Clonal dynamics shaped by diverse drug-tolerant persister states in melanoma resistance

Abstract

Most advanced melanomas initially respond to targeted therapy but eventually relapse. Rather than acquiring new mutations, resistance is driven by drug-tolerant persister cells that enter a reversible drug-refractory state. We developed MeRLin, a high-resolution lineage tracing platform integrating cellular barcoding, single-cell transcriptomics, RNA fluorescence in situ hybridization (FISH), and computational analyses to track clonal and transcriptional dynamics in patient-derived melanoma models during prolonged therapy. Clonal dynamics revealed that persister subpopulations first responded to treatment but persisted and expanded during minimal residual disease, ultimately leading to tumor recurrence. Pre-treatment melanoma populations diversified into four conserved persister states characterized by stress-like, lipid metabolism, PI3K signaling, and extracellular matrix remodeling programs associated with adaptive resistance. Spatial transcriptomics showed the organization of these adaptive programs and a complex signaling network of autocrine and paracrine interactions among persister subpopulations. Barcoded RNA-FISH enabled spatial mapping of clonal identity and gene expression, revealing in situ co-localization of a dominant resistant clone with SLC2A1 expression. MeRLin provides a robust framework for dissecting cancer heterogeneity and identifying vulnerabilities in persister populations.

Fig. 1.. Distinct clone fates are associated with variable expression programs.
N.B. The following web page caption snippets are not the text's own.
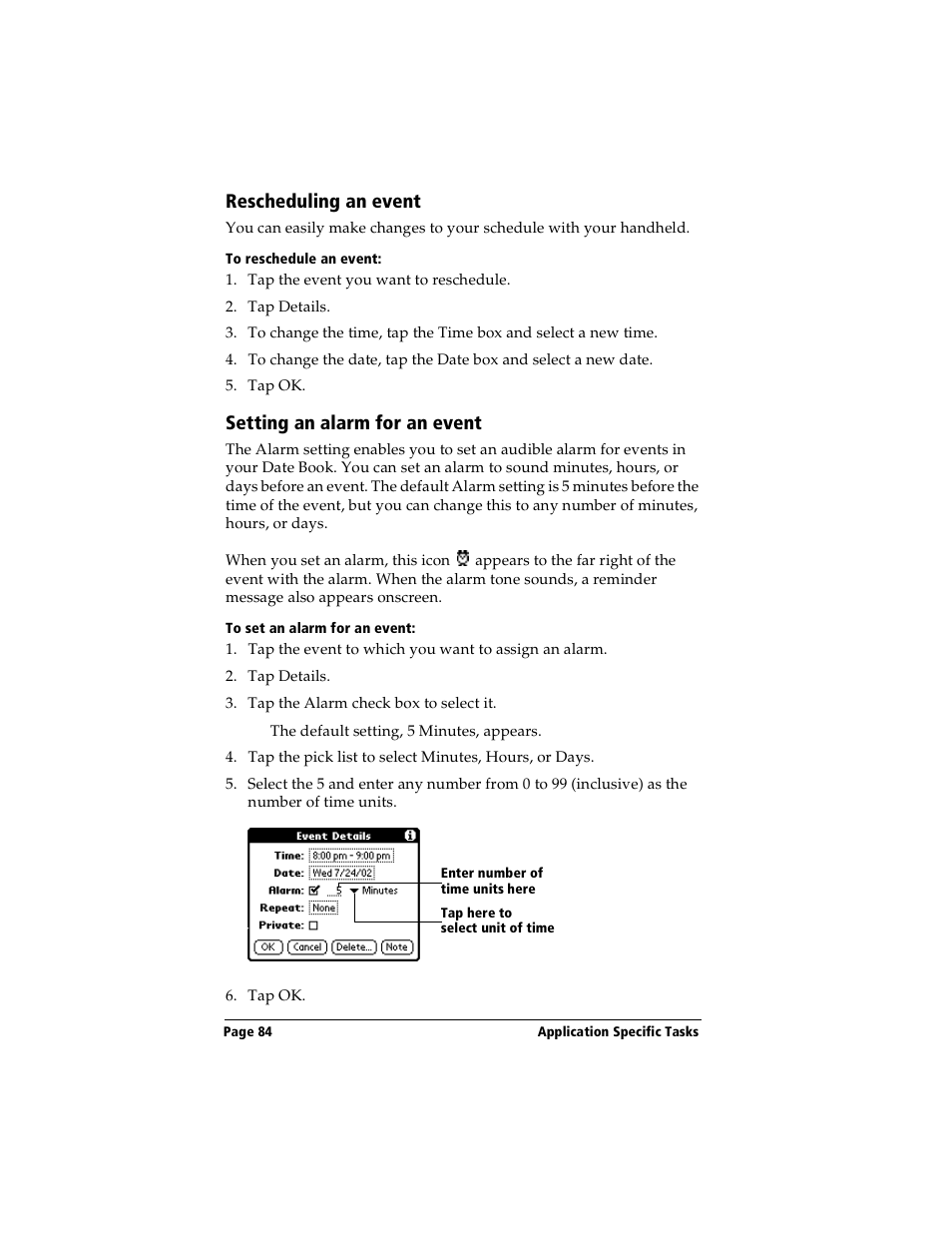 Rescheduling an event, To reschedule an event, Setting an alarm for an event | To set an alarm for an event | Handspring Visor Deluxe Handheld User Manual | Page 92 / 282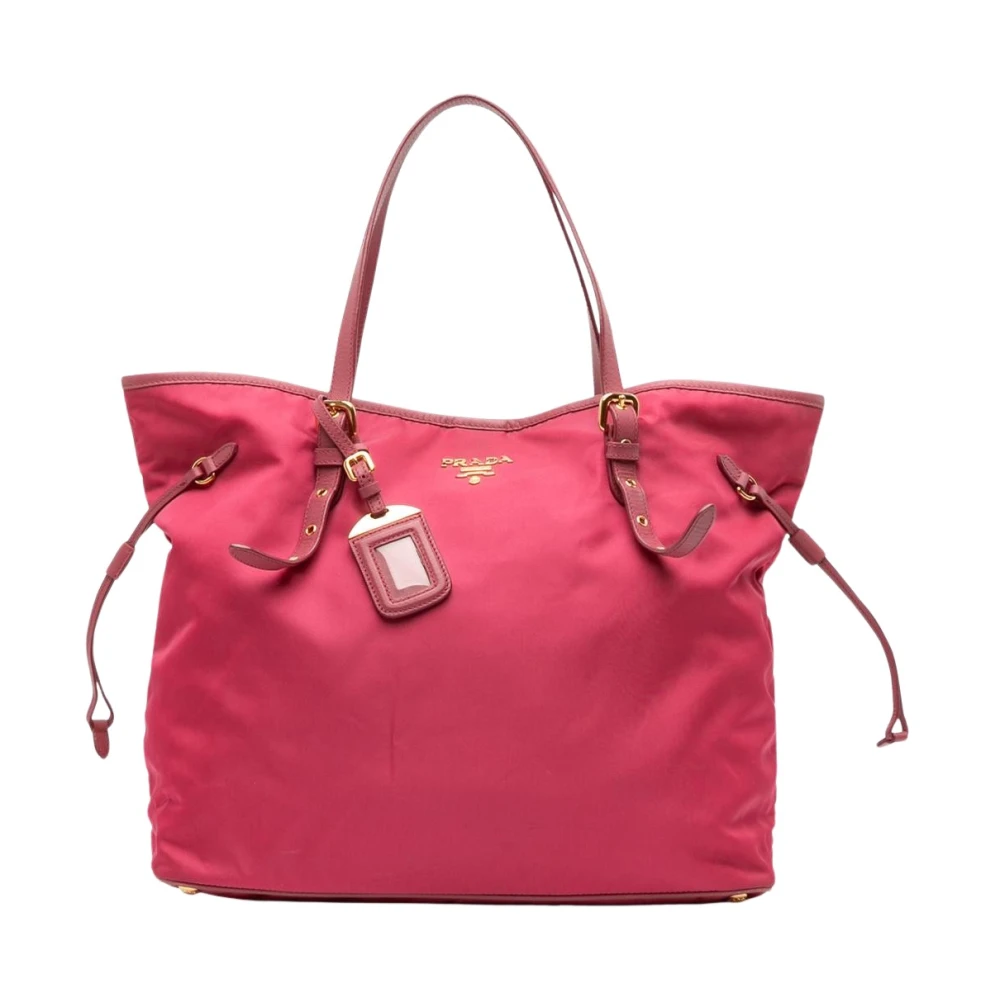 Prada Vintage Women's Pink Pre-Owned Nylon Tote Bag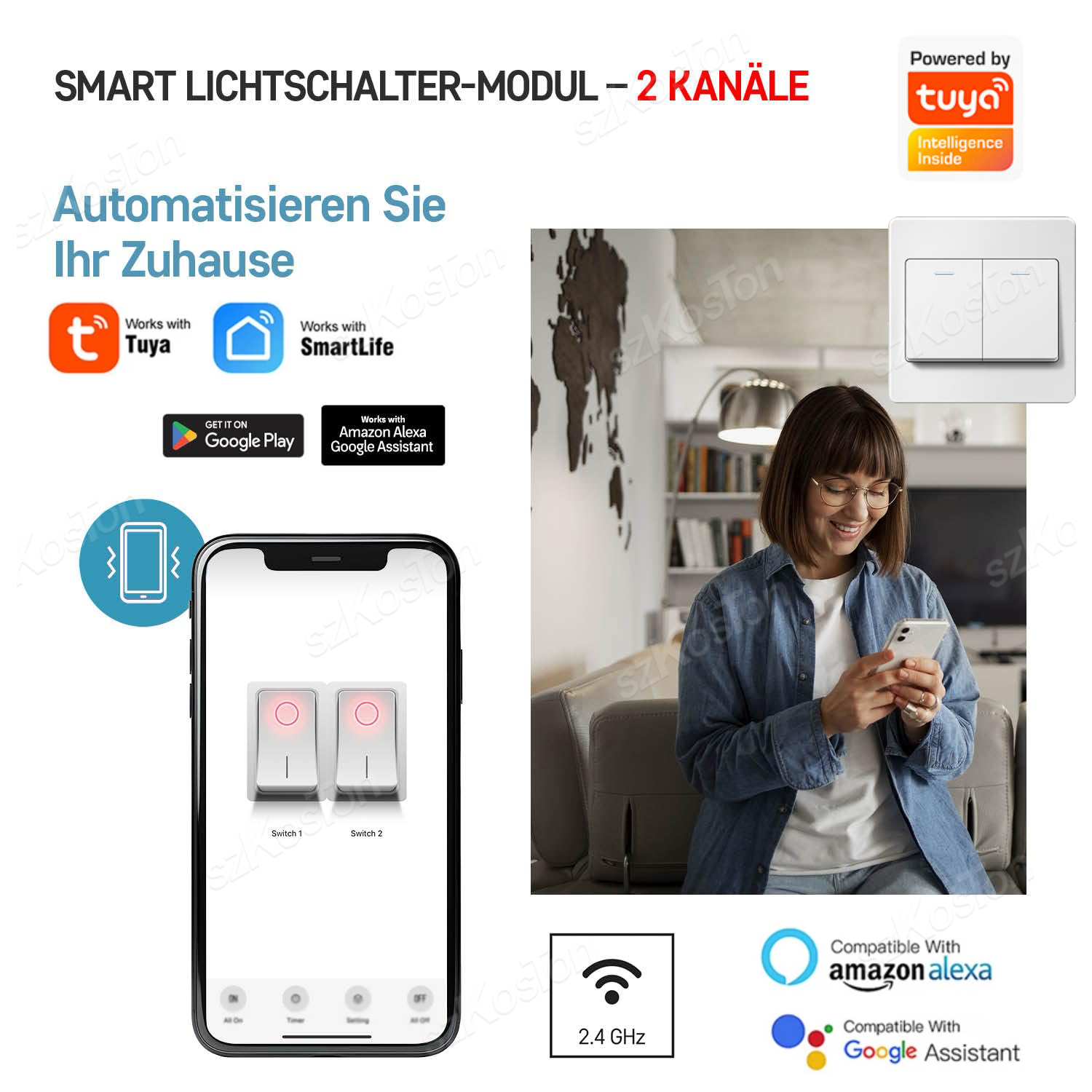 16A Tuya WiFi Smart Switch Mod - Smart Home Voice Control บทวิจารณ์และราคา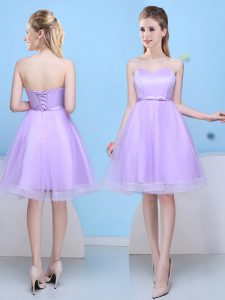 Discount Knee Length Lavender Quinceanera Dama Dress Sweetheart Sleeveless Lace Up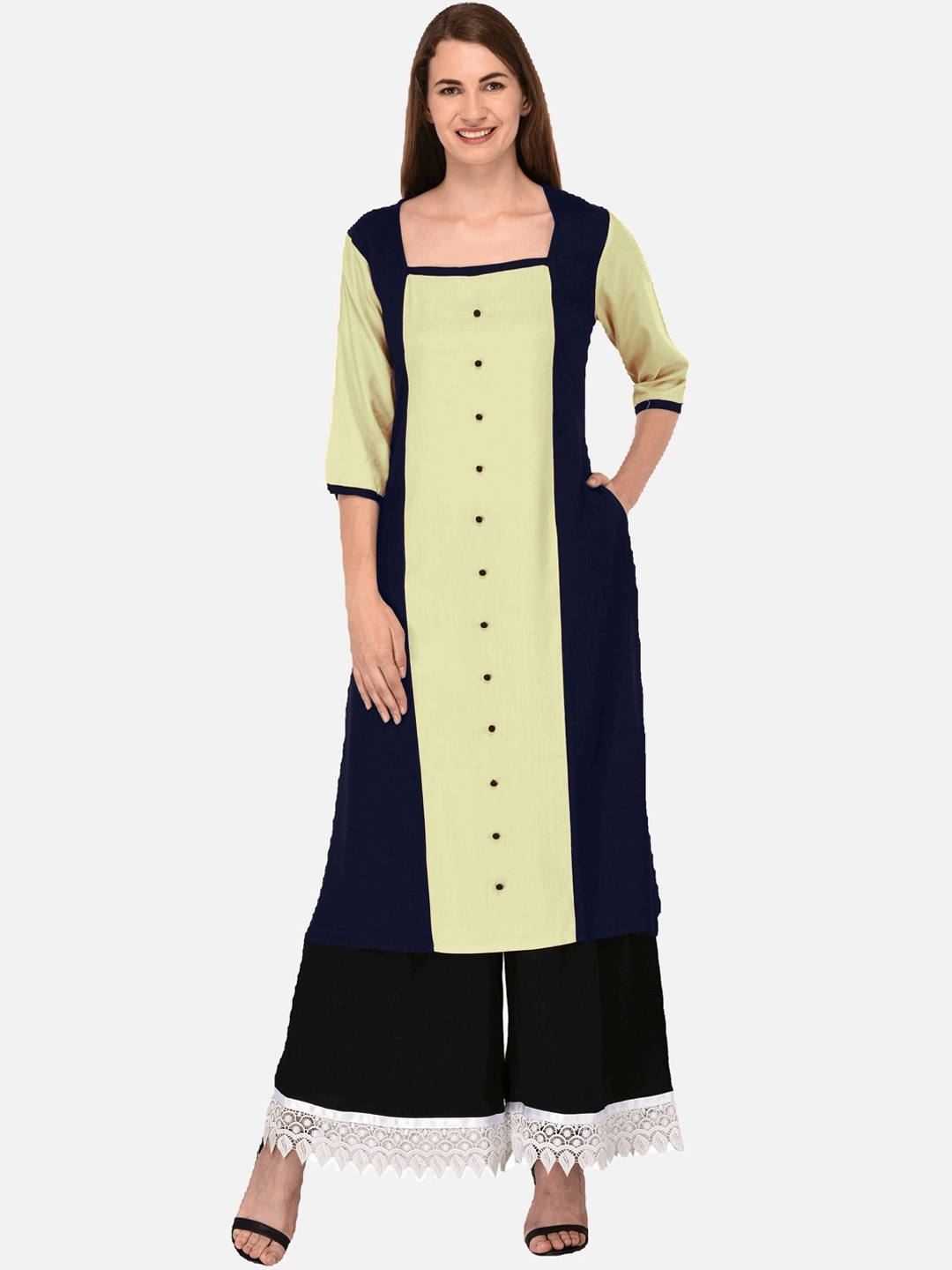 

KALINI Women Blue & Green Colourblocked Cotton Kurta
a, Schematic representation of the MeRLin construct and barcoded WM4237–1 cells exposed to targeted therapy. The vector encoded firefly luciferase and fluorescent protein mNeptune2.5. Lineage tracing is enabled by semi-random barcodes (BC) transcribed within the 3’-untranslated region of mRNAs. WM4237–1 cells were transduced with the MeRLin barcode library. EF1α, elongation factor 1α; T2A, self-cleaving peptide; WPRE, woodchuck hepatitis virus post-transcriptional regulatory element; PolyA, polyadenylation signal. b, Uniform manifold approximation and projection (UMAP) to visualize the separation of BRAFi/MEKi-treated (red) and control (CTRL, blue) WM4237–1 cells using scRNA-seq data. c, Proportion of cells in each cell cycle phase inferred from scRNA-seq. P < 2.2 × 10⁻¹⁶, two-tailed Fisher's exact test. d, Shannon diversity indices (CTRL vs. BRAFi/MEKi-treated cells). P < 2.2 × 10⁻¹⁶, two-tailed Hutcheson’s t-test. e, Lineage tracing of BRAFi/MEKi-treated cells to pre-treatment ancestor cells (CTRL), quantified by the percentage of cells carrying each specific barcode. f, UMAP showing sensitive clones (blue) and resistant clones (red) following treatment. g, Resistant large-sized, resistant small-sized and sensitive clones showed significance in cellular expression programs. And in differentially expressed genes h, *P < 0.05, **P < 0.01, ***P < 0.001; two-tailed Wilcoxon rank-sum test.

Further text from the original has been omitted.